Depuis quelques jours, depuis les Césars, depuis l’assassinat de Jessyca Sarmiento, ou peut-être depuis plus longtemps, depuis qu’un homme s’est arrêté près de moi pour me demander si je voulais prendre une douche avec lui alors que je remontais du Club Mickey à 8 ans, depuis qu’un homme a forcé en moi ses doigts quand j’en avais 19, depuis longtemps je me demande pourquoi nous nous entêtons à rester vivant-e-s, pourquoi nous créons encore, pourquoi nous écrivons, pourquoi nous embrassons encore des inconnu-e-s en écoutant de la musique trop forte.

D’où nous vient, à nous, les femmes, les minorités de genre, la force de redire toujours les mêmes mots alors que rien ne change, d’où nous vient la rage, d’où nous vient la patience, comment réussissons-nous chaque année à nous rassembler le 8 mars, comment nous lavons nous de cette violence sans trêve, comment pansons-nous nos plaies, comment trouvons-nous le temps de pleurer nos mort-e-s et nos blessé-e-s, nos enfants mutilé-e-s sur l’autel de la norme.
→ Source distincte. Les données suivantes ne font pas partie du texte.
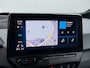 Volkswagen ID.3 First Max 58 kWh SOH 94% Pano-dak Adap.Cruise 20"lm Camera Elektr.Sport-Stoel+Verwarmd PDC Apple Carplay Android Ergo Active-Stoel Navi-Pro Ecc Stoel-Stuurverwarming Ergo Active Stoelen Privacy Glas Keyless Advanced Led-Achterlicht dynamisch Matrix Led Origineel Nederlandse Auto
Quand viendra pour nous le temps du repos, celui de nos corps sans cesse performés, taillés, coupés, jugés, amaigris, modifiés, épuisés par une norme lourde de milliers de tonnes, noyés et sacrifiés dans le charniers marins de nos frontières honteuses, disséqués, automatisés et uberisés par des patrons insolents, fantasmés, exotisés, fétishisés par le vice et le pouvoir de ceux qui les désirent.
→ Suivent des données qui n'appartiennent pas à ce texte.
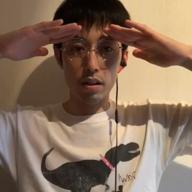 @けじぃー-そっけない-RADWIMPS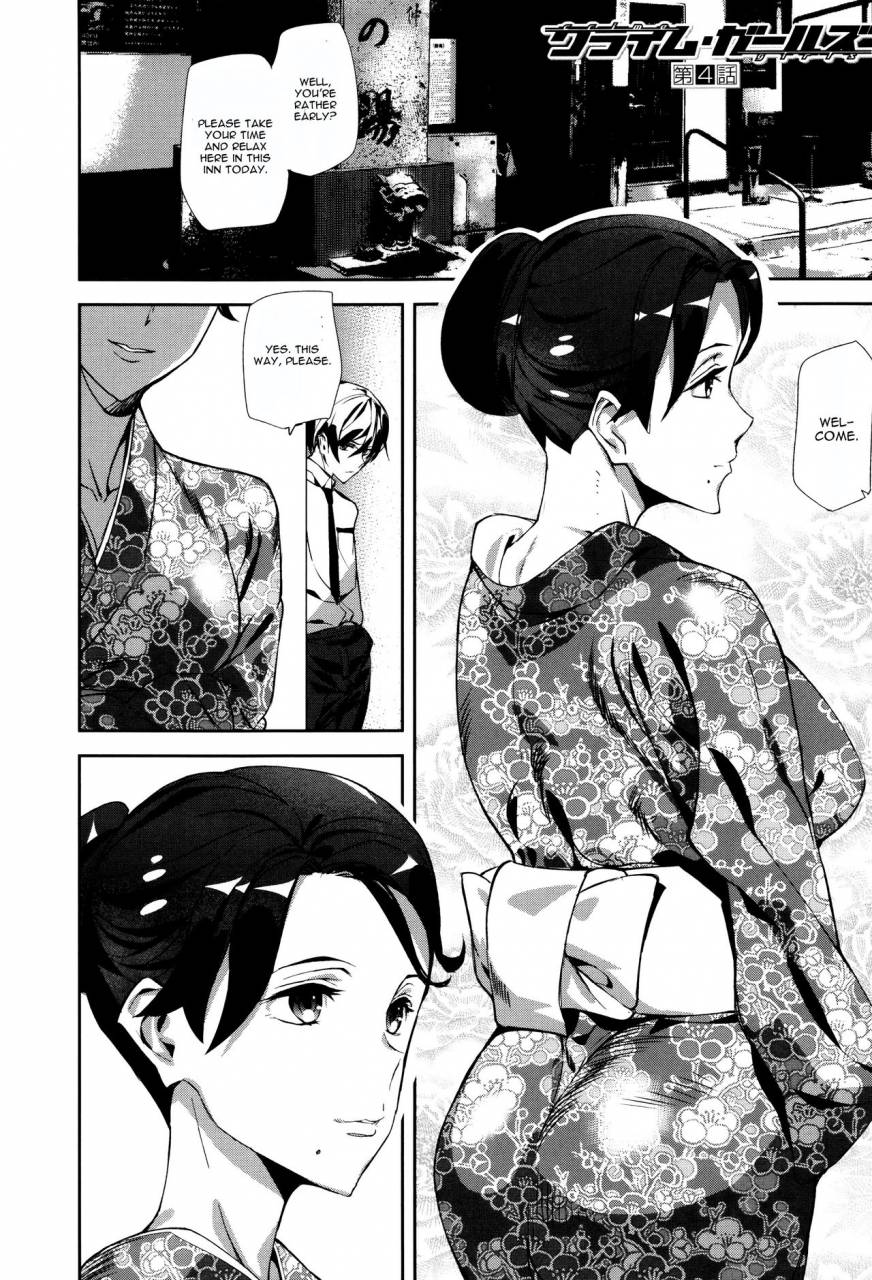 ashiomi-masato-crime-girls-ch-4-english-cgrascal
Nous n’avons pas la paix, jamais, pas moi, pas les autres, pas celles qui dégustent bien pire que moi, nous n’avons pas le luxe de l’entracte, pas de pouce dans le jeu, c’est pour de vrai, tout le temps, partout. Dans la rue, dans ton foyer, pour trouver un travail, pour le garder, quand tu commences juste à marcher, quand tu vieillis, ca n’arrête jamais, et il faudrait garder bonne figure, il faudrait encore se maquiller, bien présenter, se taire surtout. La fermer, dix fois par jour, ne pas répondre à celui qui vient te siffler, à la main sur la cuisse dans le métro, au patron qui plaisante sur la taille de tes seins, au flic qui te traite de gouine en manif, au mari qui rentre saoul et qui s’oublie sur ton arcade, demain il sera désolé, c’était pour rire, c’était un compliment, vraiment, on ne peut plus rien dire.
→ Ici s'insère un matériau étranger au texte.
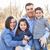 Dawn Wilson Leitao's profile image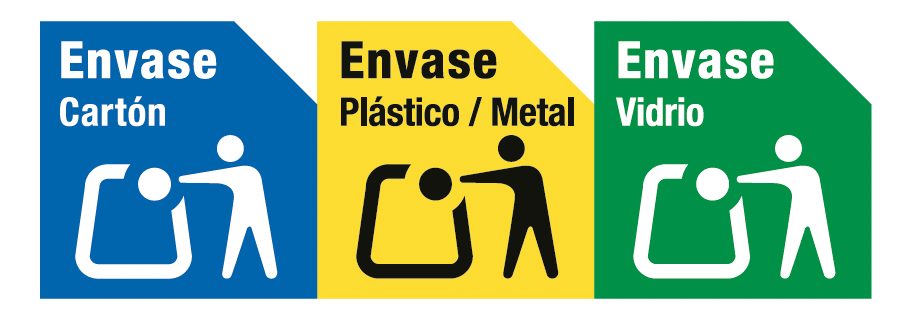 smaltimento_vitami_C_compresse_ES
Si tu parles, tu seras terroriste, tu seras celle qui brise le silence, on tire toujours sur le messager, tu viens briser la concorde, tout fonctionnait bien avant que tu ne te mettes à hurler, tu gueules parce que ton corps se rend, qu’il n’en peut plus, qu’il n’est plus capable de se taire, parce que chaque humiliation, chaque mot, chaque grognement, chaque coup de rein, tout remonte dans une lave immonde qui te déchire le larynx, ca sort, ca y est.

Avec des fumigènes, en grands tremblements, avec des cris de haine, tout t ‘échappe, ces secrets qu’on t’avait fait promettre de garder, toutes les fois où tu te mets à chialer, ca résonne, et ta voix se mêle à celle de tes sœurs, regarde comme nous nous tordons de douleur et de rage, regarde comme nous sommes fortes, ensemble nous sommes le cœur, écoute nous battre, encore. C’est ce rythme qui nous ramène chaque fois, même quand on voudrait arrêter de voir, d’entendre, oublier, si l’un-e crie, alors les autres répondent, nous sommes lié-e-s.

Ce 8 mars encore, nous serons là, dans la rue, chez nous, dans les écoles, dans les syndicats. Nous répéterons encore que ce n’est pas la journée de la femme, que nous voulons des droits. Cette année, on pensera un peu plus fort aux grand-e-s humilié-e-s des Césars, les victimes de violences sexuelles, à toutes celles qui s’attendent désormais à voir leur violeur récompensé d’une statuette. Cette année encore, nous compterons nos allié-e-s, nous compterons nos mortes.